"Her abstractions, freed from the obligation to depict the material world, are in pursuit of a timeless visual order."
T. Avery (b. 1954, American) is a self-taught painter whose work draws on the CoBrA tradition, working in monochromatic abstraction — lines, circles, and gestural marks — to create compositions rooted in form, pattern, and line rather than representation. She came to painting in her later life, bringing to it a sensibility shaped by decades of immersion in the design and fine art worlds.
T. Avery was born in the United States in 1954. Her work is shaped by a lifelong devotion to beautiful things, a sensibility that has expressed itself across both the design world and the fine arts, and that led her, in her later years, to painting. She is self-taught.

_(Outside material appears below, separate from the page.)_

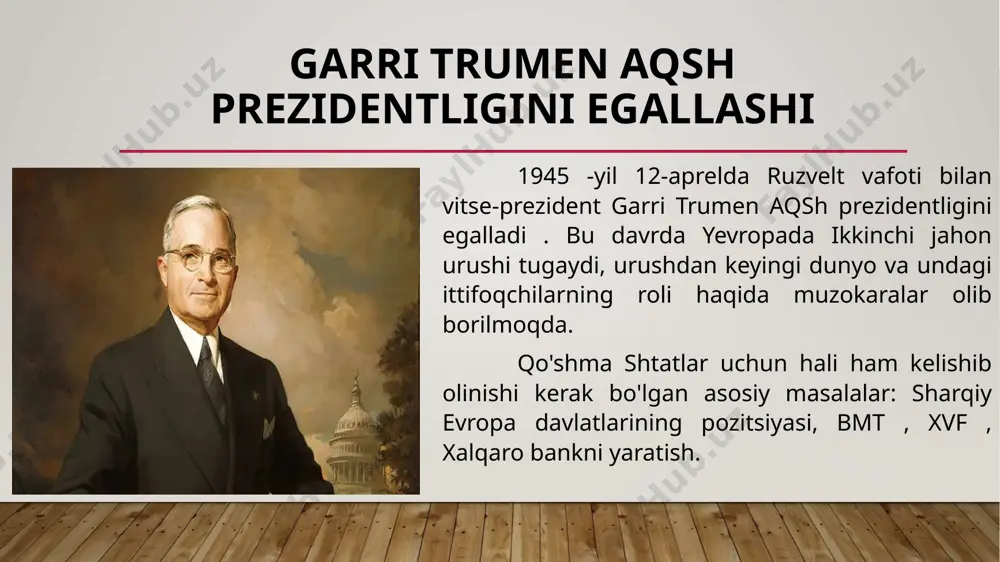 il etilishi bo'ldi, bu g'arbiy evropa ustidan nazoratni o'rnatishning yakuniy jarayoni va cheklash siyosatining asosiy bosqichi edi. 1947 yilda nato aqsh qo'shinlarining evropada joylashganligini nazarda tutmadi, harbiy yordam ko'rsatish to'g'risida qaror kongress tomonidan qabul qilindi, ammo 1950 yilga kelib atom bombasining yaratilishi bilan hamma narsa o'zgardi. tashqi siyosatdagi burilish 1950-1953 yillardagi koreya urushi tomonidan oldindan belgilab qo'yilgan edi, bu sotsialistik davlatlarning (xitoy va sssr) global ekspansion siyosati sifatida qabul qilindi. ichki siyosat ichki siyosatda qo'shma shtatlardagi rangli aholini irqiy kamsitish muammosini hal qilishga urinishni ta'kidlash muhimdir. truman armiyadagi teri rangidan qat'i nazar, odamlarni birlashtirdi, bir qator shtatlarda saylov huquqi solig'ini bekor qildi, rangli aholi uchun teng ta'lim va kasbiy huquqlarni ta'minlash uchun komissiya tuzdi. adolatli bitim biroq, bu sohadagi islohotlar kongressning qarama-qarshiliklari tufayli uzoqqa bormadi. trumanning "adolatli bitim" juda keng harakat dasturini o'z ichiga olgan bir xil muammoga duch keldi: ish haqini oshirish; arzon uy-joy sotish; narxlar, kreditlar, eksport, renta, …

Her practice is rooted in the visual and philosophical tradition of CoBrA, the postwar movement founded in Paris in 1948 that brought together artists from Copenhagen, Brussels, and Amsterdam in a shared commitment to raw, spontaneous, and psychologically direct expression. Within that tradition, the work of French artist Florent Wells, born in 1922, has been a particular and sustained influence on her approach.
Avery works in a monochromatic visual language of lines, circles, and gestural marks, building compositions from pattern, form, and movement rather than representation. Her practice is grounded in a belief that abstraction, freed from the obligation to depict the material world, opens onto something beyond it. The simplicity of her means is deliberate: she pursues the creation of beautiful effects through reduction, seeking in each work a quality of timeless visual order that carries what she describes as a spiritual dimension.